I've recently become enamored with Richard Maguire's (aka The English Woodworker) Little John Workbench and am seeking advice on building something similar. I think it makes great use of space and would fit well in my small city shop.

A link to Richard's blog post about the bench.

Some photos of the bench, from the blog post.


















Unfortunately Richard didn't share much about he built it, thus this post seeking advice. A few things I'm curious about (given the paucity of info I know a lot of this will be guesswork)

- What are the potential major difficulties in building a project like this?
- What sort of joints should I use?
- What purpose do the bolts on the left and right side of the top serve?
- Is the workbench top laminated? 
- What sort of wood was used to build the pictured version?
- Are there any changes that I could/should make to make the build simpler?

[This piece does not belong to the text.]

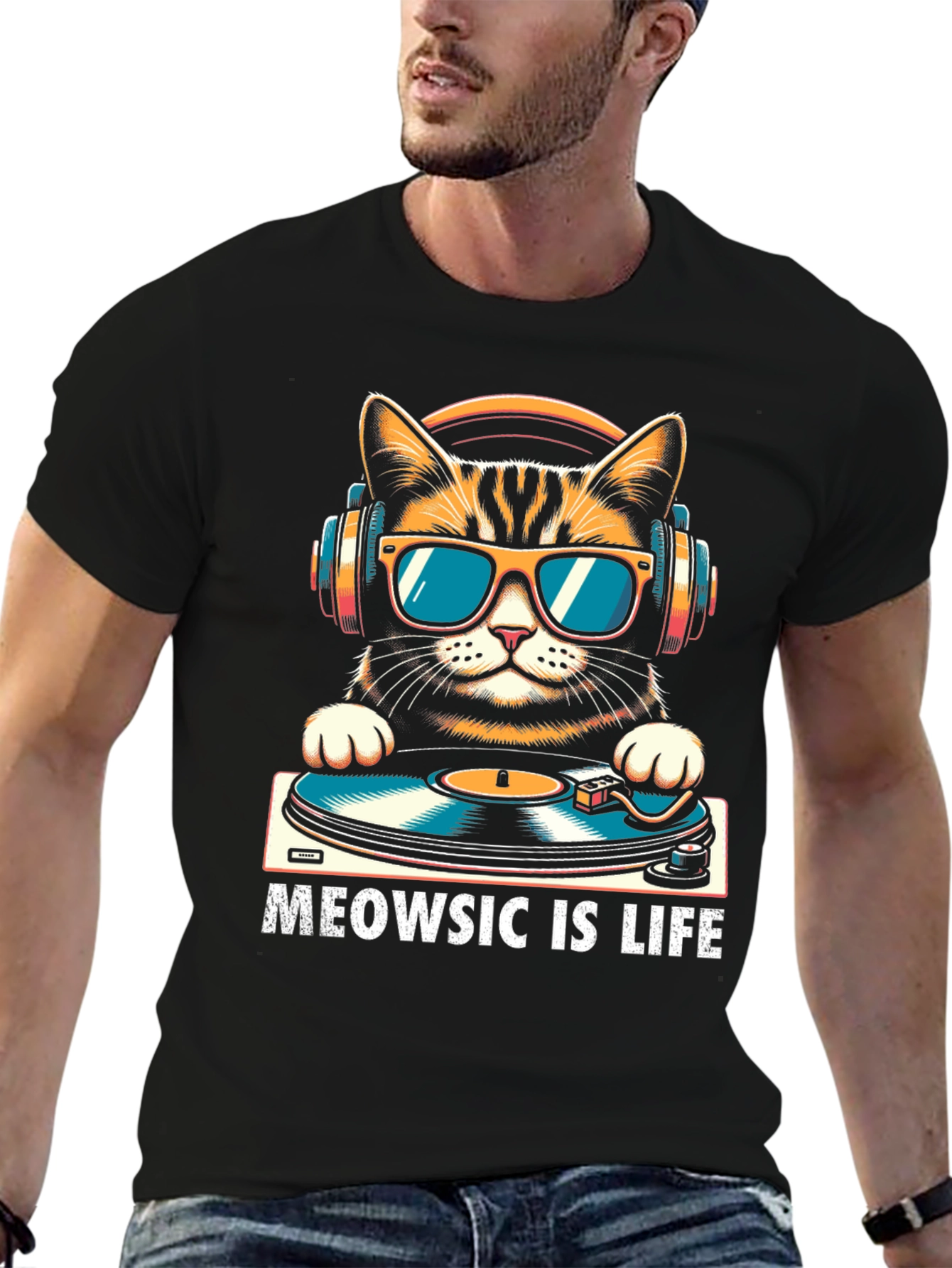 Meowsic is Life Cat DJ T-Shirt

Finally, how do people feel about copying someone else's design for personal use? My feeling is that it's okay since I'm not selling it, and will likely make some changes to it as I build, but I'd like to hear others' thoughts. I did contact Richard offering to buy plans if they were available, but didn't hear back.


----------



## dyfhid (Jun 4, 2015)

There are plans for a very similar bench in the Hayward How To book linked here - http://toolemera.com/bkpdf/haywardhowtobk.pdf

There's also Roy Underhill's version in which he uses sliding dovetails to make the leg to bench joints, viewable here - (Part 1) http://www.pbs.org/video/2365015322/ and here (Part 2) http://www.pbs.org/video/2365015323/

- What are the potential major difficulties in building a project like this?

Losing patience, time, blood, sweat, tears and money  Honestly, there are really no major difficulties, just work methodically, one part at a time, and do your best.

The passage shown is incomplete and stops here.